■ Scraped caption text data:
= Beginning of Section =

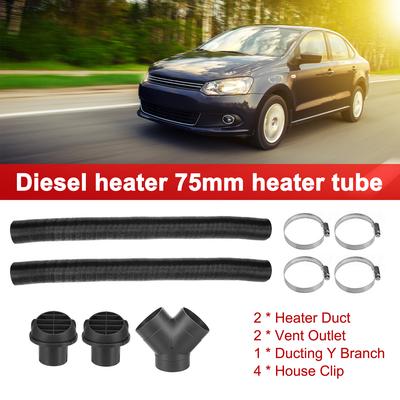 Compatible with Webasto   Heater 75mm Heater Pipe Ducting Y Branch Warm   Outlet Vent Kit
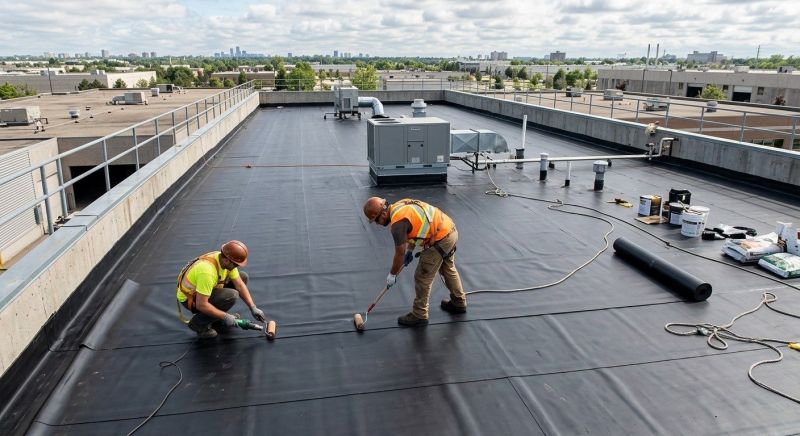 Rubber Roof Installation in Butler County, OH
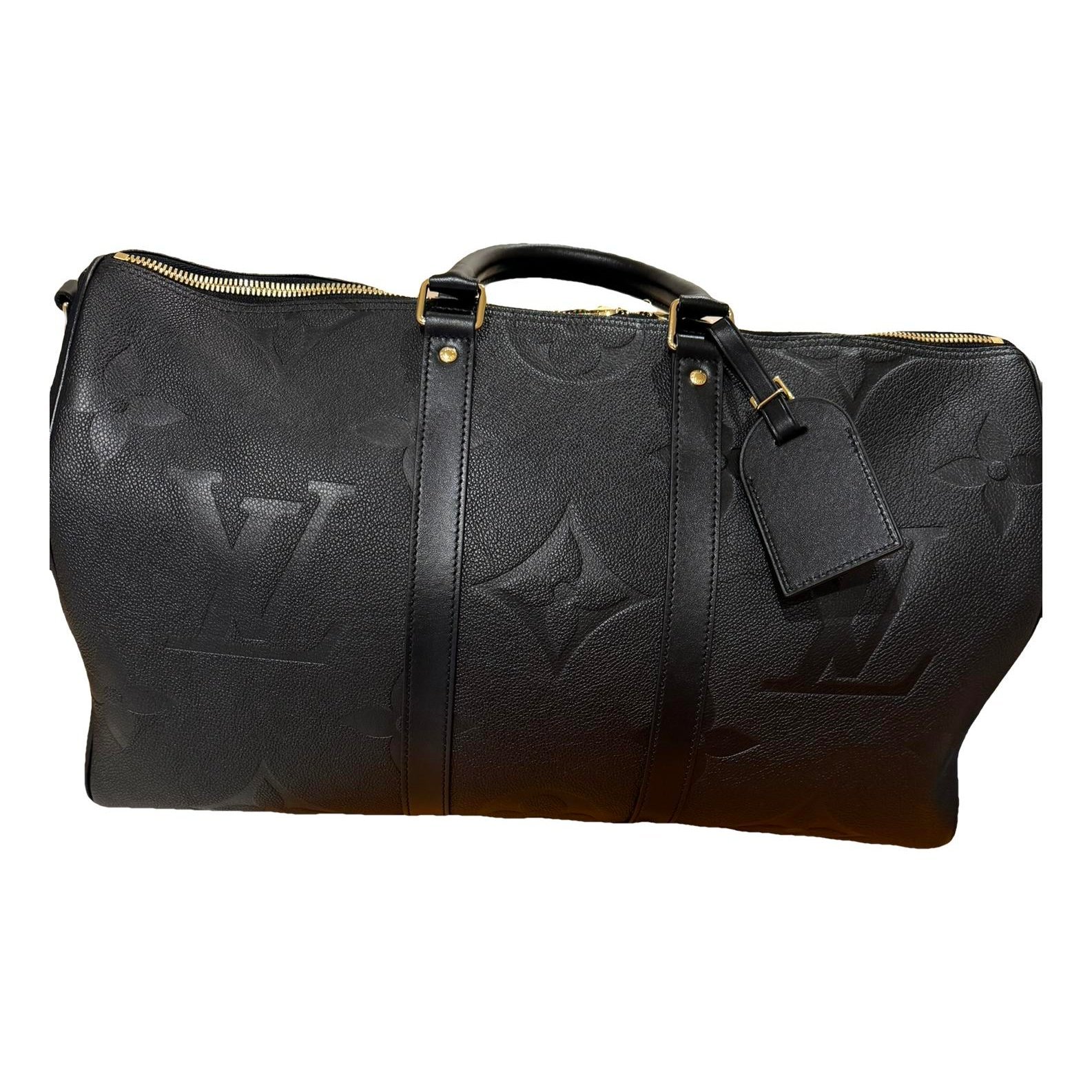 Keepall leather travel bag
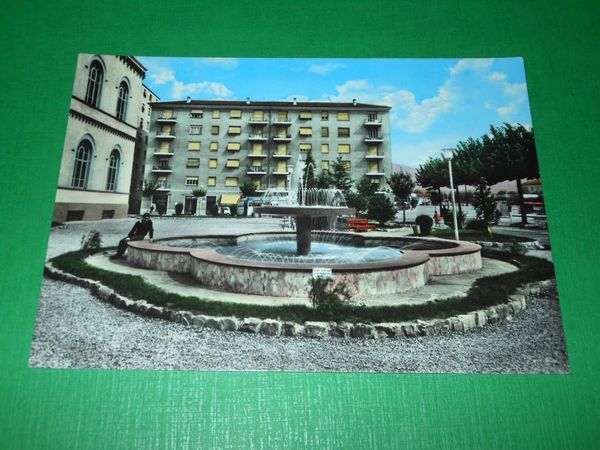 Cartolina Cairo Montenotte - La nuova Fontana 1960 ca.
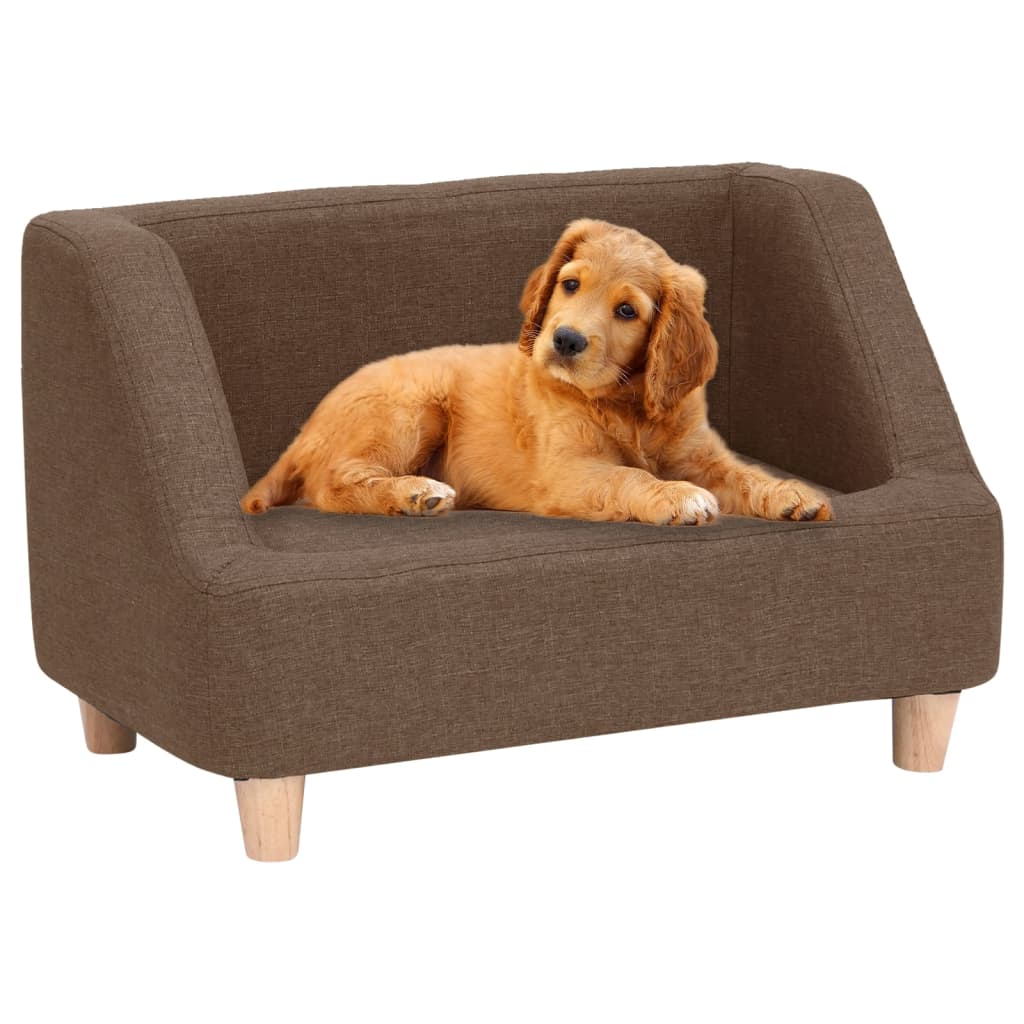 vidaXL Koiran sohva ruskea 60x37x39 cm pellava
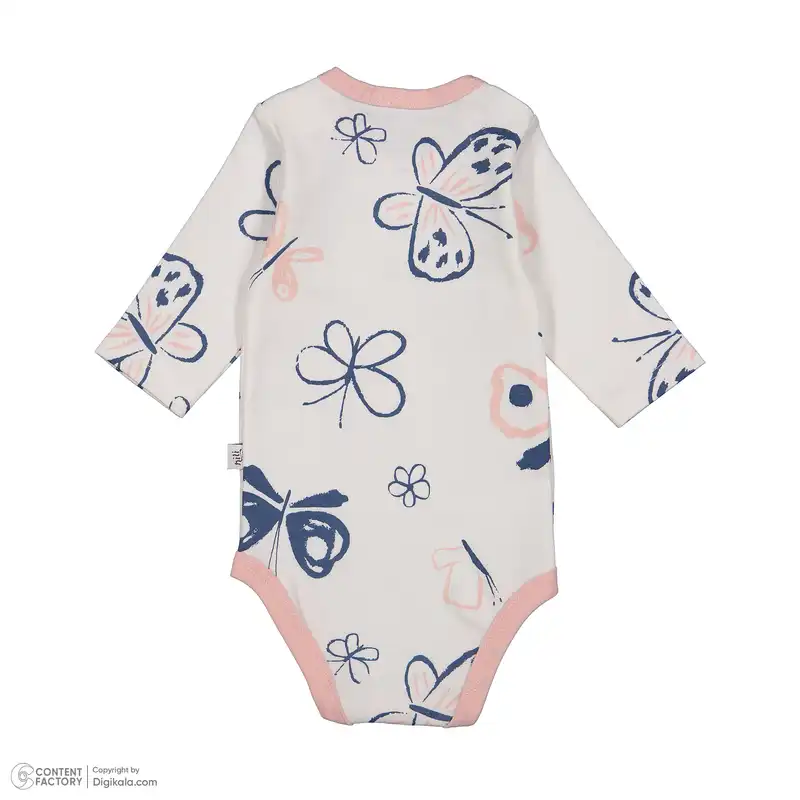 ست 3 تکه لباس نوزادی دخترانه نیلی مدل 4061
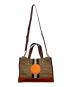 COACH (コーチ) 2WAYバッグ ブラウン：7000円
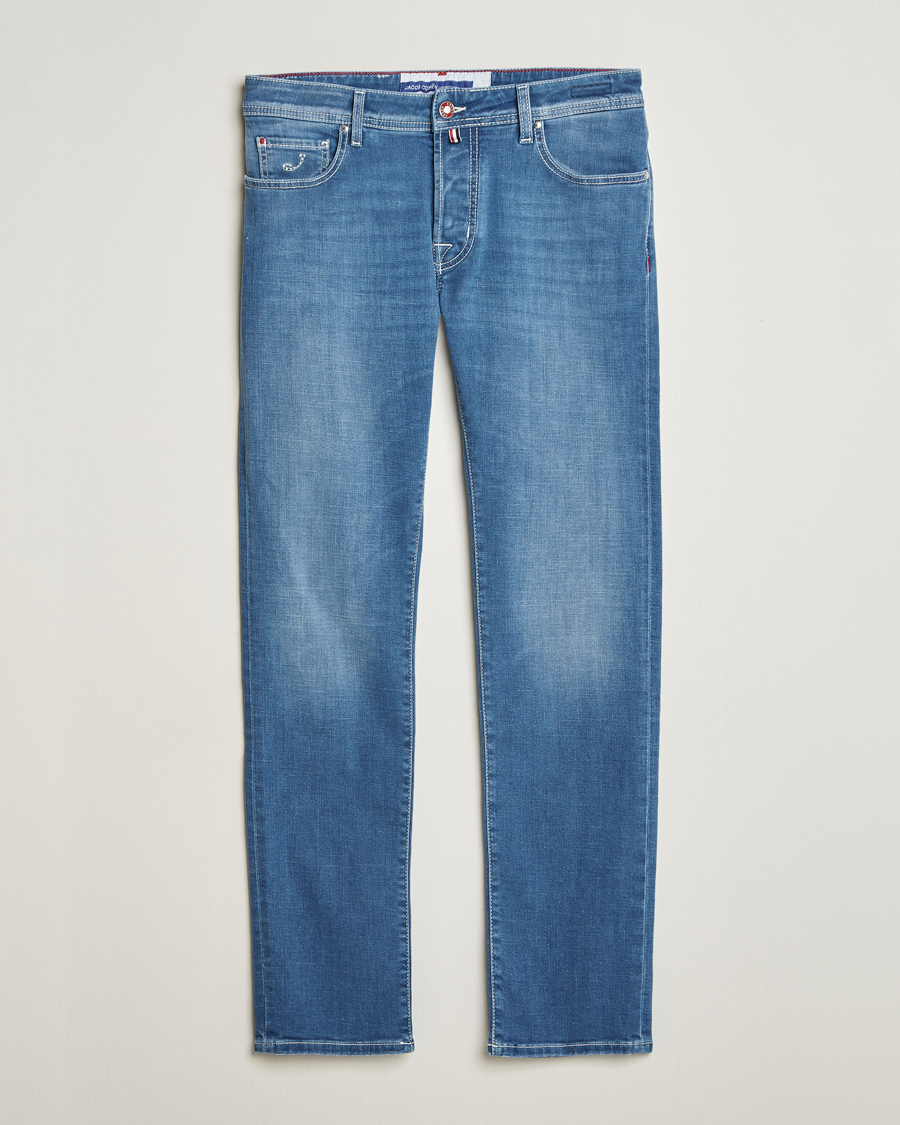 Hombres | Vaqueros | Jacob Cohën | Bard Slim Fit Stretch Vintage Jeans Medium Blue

= End of Section =

Leave the pictures out and output the rest of the data word for word.

■ Answer to the problem:
 Compatible with Webasto   Heater 75mm Heater Pipe Ducting Y Branch Warm   Outlet Vent Kit
 Rubber Roof Installation in Butler County, OH
 Keepall leather travel bag
 Cartolina Cairo Montenotte - La nuova Fontana 1960 ca.
 vidaXL Koiran sohva ruskea 60x37x39 cm pellava
 ست 3 تکه لباس نوزادی دخترانه نیلی مدل 4061
 COACH (コーチ) 2WAYバッグ ブラウン：7000円
 Hombres | Vaqueros | Jacob Cohën | Bard Slim Fit Stretch Vintage Jeans Medium Blue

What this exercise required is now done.